The gathering will begin at 6:00 p.m.with no host cocktails. Dinner will be served at 7:00 p.m, followed by Dr. Millar's slide presentation. This year's banquet menu offers a choice of Mushroom Ravioli, Honey-Dijon Half Chicken, and Santa Maria Style Tri-Tip. All meals include salad, bread, coffee or iced tea, and dessert. The price with tax and tip is $20.00.
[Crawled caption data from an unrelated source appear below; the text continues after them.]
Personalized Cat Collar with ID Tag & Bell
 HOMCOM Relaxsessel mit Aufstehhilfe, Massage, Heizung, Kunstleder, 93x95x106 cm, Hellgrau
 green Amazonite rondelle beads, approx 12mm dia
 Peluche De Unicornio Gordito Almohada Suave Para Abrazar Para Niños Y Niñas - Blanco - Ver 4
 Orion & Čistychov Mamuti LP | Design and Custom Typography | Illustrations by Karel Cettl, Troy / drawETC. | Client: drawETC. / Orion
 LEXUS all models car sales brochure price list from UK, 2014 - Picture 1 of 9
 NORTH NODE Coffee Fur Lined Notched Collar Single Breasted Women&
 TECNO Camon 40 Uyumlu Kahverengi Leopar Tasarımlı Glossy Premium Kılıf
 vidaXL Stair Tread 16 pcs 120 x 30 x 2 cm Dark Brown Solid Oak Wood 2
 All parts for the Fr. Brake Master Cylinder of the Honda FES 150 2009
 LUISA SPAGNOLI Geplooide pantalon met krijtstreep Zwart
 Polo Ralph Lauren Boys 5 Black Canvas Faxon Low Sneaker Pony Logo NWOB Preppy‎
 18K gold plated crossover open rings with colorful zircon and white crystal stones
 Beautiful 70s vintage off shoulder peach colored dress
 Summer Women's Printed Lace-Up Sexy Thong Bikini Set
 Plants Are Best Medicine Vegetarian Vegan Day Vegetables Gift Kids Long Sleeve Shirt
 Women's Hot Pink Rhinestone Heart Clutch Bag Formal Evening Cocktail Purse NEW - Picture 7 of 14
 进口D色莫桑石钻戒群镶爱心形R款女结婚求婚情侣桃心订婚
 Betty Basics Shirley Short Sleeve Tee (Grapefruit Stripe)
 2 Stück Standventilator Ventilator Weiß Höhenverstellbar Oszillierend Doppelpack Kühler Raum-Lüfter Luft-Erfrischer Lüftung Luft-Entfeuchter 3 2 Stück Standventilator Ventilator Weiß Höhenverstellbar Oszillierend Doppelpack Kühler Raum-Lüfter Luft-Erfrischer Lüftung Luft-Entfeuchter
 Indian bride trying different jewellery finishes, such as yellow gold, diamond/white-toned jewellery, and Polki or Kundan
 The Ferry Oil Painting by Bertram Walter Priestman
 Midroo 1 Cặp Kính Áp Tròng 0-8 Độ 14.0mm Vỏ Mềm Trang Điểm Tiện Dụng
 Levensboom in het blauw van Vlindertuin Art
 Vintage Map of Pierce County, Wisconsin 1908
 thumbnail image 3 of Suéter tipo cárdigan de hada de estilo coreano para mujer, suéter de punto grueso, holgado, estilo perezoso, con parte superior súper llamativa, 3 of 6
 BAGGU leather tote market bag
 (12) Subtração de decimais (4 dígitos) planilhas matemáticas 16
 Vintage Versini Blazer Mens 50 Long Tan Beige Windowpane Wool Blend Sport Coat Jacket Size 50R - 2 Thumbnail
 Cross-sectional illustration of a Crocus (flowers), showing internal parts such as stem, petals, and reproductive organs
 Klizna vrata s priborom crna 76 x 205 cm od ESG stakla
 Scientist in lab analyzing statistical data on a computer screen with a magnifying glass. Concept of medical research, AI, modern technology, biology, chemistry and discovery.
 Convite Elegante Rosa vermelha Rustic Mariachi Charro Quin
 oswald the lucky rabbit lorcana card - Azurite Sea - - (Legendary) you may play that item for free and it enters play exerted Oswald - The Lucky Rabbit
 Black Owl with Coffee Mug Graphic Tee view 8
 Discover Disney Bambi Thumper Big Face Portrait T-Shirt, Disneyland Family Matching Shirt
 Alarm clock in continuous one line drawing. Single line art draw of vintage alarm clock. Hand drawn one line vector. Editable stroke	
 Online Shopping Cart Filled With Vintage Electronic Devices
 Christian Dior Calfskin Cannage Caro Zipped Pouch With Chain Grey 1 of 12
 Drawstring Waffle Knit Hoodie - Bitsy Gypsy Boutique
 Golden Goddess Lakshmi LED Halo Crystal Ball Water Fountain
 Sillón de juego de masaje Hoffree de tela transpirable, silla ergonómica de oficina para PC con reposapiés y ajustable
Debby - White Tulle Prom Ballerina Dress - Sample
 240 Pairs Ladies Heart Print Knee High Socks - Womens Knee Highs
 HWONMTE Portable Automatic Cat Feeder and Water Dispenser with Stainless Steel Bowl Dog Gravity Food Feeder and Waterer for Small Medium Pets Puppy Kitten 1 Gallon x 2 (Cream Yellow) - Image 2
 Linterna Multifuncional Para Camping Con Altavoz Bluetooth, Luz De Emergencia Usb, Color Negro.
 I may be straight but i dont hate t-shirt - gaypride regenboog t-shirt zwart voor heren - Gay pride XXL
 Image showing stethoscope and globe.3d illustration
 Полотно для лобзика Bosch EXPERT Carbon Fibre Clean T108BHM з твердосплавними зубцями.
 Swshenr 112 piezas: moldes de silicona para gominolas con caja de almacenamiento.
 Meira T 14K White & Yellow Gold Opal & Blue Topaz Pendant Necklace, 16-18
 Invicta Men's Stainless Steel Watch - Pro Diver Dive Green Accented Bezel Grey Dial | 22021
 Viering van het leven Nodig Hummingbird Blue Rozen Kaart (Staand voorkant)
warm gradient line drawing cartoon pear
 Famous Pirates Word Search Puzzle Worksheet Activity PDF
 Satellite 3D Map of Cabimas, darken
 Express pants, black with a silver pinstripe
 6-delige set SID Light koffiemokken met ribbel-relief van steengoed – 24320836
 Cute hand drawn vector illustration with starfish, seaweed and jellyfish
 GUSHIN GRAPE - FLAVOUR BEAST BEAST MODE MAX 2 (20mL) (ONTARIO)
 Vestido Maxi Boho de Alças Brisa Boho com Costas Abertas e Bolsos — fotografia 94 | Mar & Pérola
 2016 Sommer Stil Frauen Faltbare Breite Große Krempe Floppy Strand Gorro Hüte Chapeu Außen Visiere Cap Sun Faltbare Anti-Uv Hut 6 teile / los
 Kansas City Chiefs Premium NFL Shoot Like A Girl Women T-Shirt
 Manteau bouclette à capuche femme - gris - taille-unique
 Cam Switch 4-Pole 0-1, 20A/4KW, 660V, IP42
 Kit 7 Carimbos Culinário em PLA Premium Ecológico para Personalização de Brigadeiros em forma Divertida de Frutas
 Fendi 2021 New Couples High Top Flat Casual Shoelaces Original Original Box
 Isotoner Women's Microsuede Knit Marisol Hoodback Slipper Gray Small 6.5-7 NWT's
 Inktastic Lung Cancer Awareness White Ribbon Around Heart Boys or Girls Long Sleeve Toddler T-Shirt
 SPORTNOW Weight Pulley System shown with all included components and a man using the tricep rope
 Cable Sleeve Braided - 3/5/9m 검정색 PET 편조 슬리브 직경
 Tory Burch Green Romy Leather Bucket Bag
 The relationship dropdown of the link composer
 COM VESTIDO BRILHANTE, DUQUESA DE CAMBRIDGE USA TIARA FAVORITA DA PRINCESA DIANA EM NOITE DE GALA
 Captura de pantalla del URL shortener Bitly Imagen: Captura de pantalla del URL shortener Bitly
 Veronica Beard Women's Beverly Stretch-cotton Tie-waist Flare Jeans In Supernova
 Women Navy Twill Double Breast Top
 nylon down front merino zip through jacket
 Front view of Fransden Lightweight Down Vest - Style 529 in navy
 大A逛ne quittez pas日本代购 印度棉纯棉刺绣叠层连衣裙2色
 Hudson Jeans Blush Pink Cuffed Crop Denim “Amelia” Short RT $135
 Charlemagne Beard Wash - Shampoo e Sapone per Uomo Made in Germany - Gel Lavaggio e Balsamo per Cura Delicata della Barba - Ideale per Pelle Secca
Reservations must be made by Tuesday, July 16. To reserve, please send your check payable to "CNPS, Bristlecone Chapter" along with your choice of entrée to Sherryl Taylor, P.O. Box 1638, Mammoth Lakes, CA 93546. You may also bring your check to the May Meeting.
Land Trust Forums
The Eastern Sierra Land Trust is sponsoring two public forums entitled "Programs and Benefits of a Local Land Trust" on Tuesday, May 7 at 7:00 p.m. in Bishop and Wednesday, May 8 at 7:00 p.m. in Mammoth Lakes. The featured speakers will be Harriet Burgess, president of the American Land Conservancy and Jacques Etchegoyhen, rancher and Nevada Director of the American Land Conservancy. Topics will include conservation easements, working landscapes, and other land trust programs. Public comments and questions will be welcomed and refreshments will be served.
The May 7 forum will be held at the Patio Building of the Tri-County Fairgrounds in Bishop and the May 8 forum at the Rec Room at the Mammoth Mountain RV Park across HWY 203 from the Forest Service Visitors Center. Please call Karen at 387-2913 or Tony at 924-8742 for more information.
6th Annual Native Plant Sale - Mark Your Calendars!
This year's plant sale will be held on Saturday, September 28 at 9:00 a.m. at the Tri-County Fairgrounds in Bishop. We have scheduled it a little later in the fall this year to avoid those hot summer temperatures and to make it easier on the newly planted seedlings. A plant list will be posted on our website in the month before the sale. Look in the July newsletter for the date of the Plant Sale Preview which will give an overview of available plants and discussion of their needs in the garden. For more information, please call Karen at 387-2913 or e-mail to email@example.com.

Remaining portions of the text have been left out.